The Help Desk: When it comes to autographs, this author is all thumbs

Every Friday, Cienna Madrid offers solutions to life’s most vexing literary problems. Do you need a book recommendation to send your worst cousin on her birthday? Is it okay to read erotica on public transit? Cienna can help. Send your questions to advice@seattlereviewofbooks.com.

Dear Cienna,

I’ve published a couple of sci-fi novels — probably nothing you’ve heard of. But every once in a while I’ll do a reading, and then comes the time to sign the books. This always stresses me the fuck out.

Cienna, my handwriting is awful, and my signature is ugly. Every time I sign a copy of my book, I feel like I’m defacing it. I’d probably feel more comfortable if someone handed me my book and asked me to burn it.

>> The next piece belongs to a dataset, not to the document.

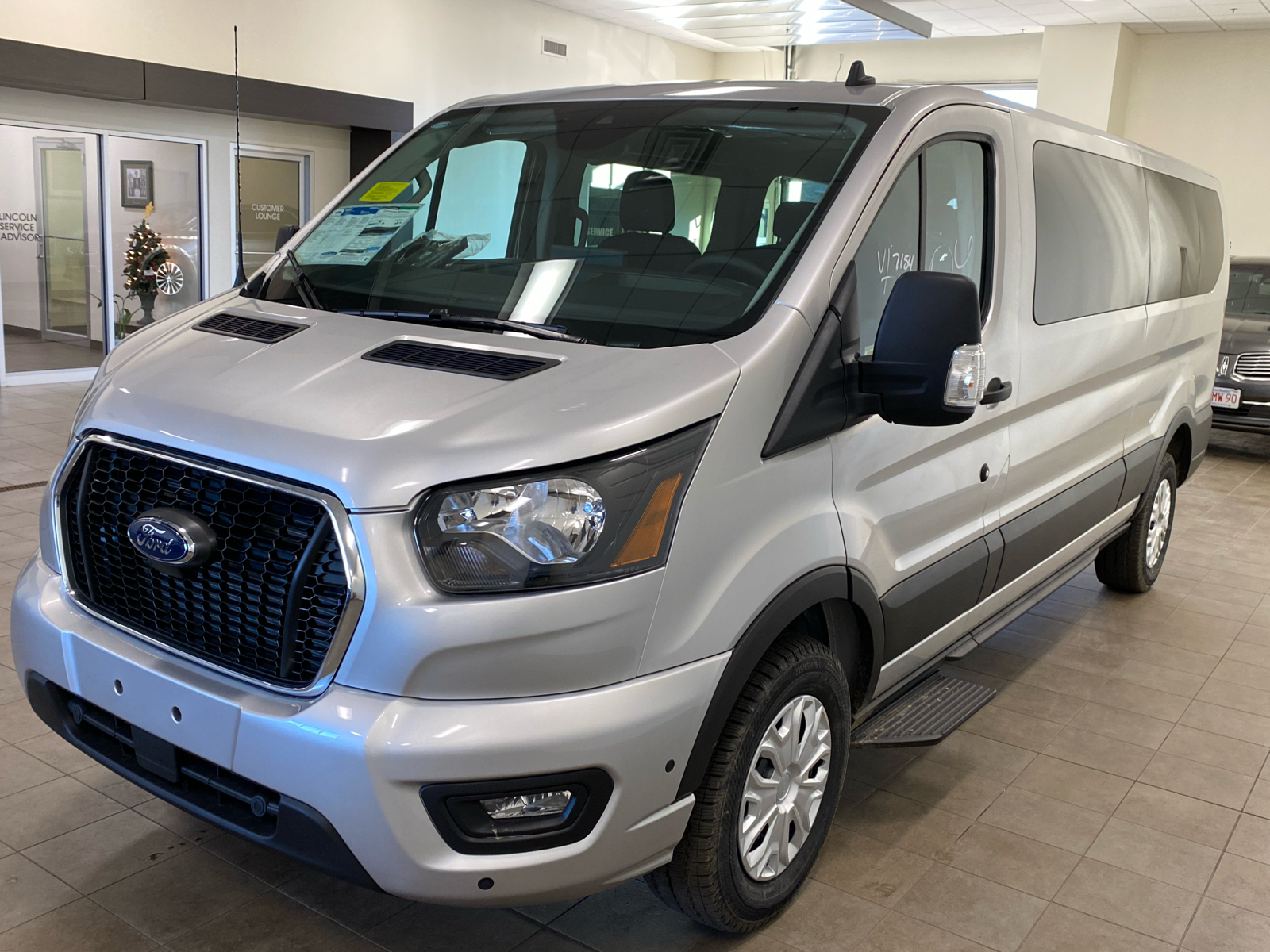 2024 Ford Transit Passenger Wagon 2024 FORD TRANSIT-350 PASSENGER XLT WGN 3DR 148 W 4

I’ve tried to practice my autograph, but that makes me feel like a pretentious jerk and my handwriting just goes back to unreadable anyway. Is there anything I can do about this?

Bob, South Park

Dear Bob,

Perhaps a corpse hand would boost your confidence? Unlike its cruder cousins – the lobster hand and hook for hand – a repurposed corpse hand would complement the mystique of your chosen genre. A writer friend of mine has corpse heels in place of his original ones – they are the consolation prize he won for jumping out of an apartment window onto a school bus because someone dared him to. As far as I can tell, they don't work any better or worse than his original heels but they are now his most popular feature (the parts of him that are alive are swell, too).

I doubt you or your fans would care much about your penmanship if they were given the opportunity to gladhand your corpse hand while earnestly telling you about the subtle inconsistencies they've detected in the worlds you've created. Even just replacing your thumbs for big toes would be a real treat.

So here you go: I dare you to get handsy with a live blender.

If light body modification is beyond the limits of what you're willing to do for your craft, I pity you, but I understand not everyone has what it takes to be successful. If it helps, authors like Kurt Vonnegut and David Sedaris often signed their works with doodles and compliments to their readers instead of signatures, and they seem successful enough.

You could also just bring a pad of ink with you and stamp fans' books with a thumbprint, nullifying the need to write anything at all. That would be novel. It would be more novel if that thumb were also your big toe, but I won't be pushy about it. Your body, your choice.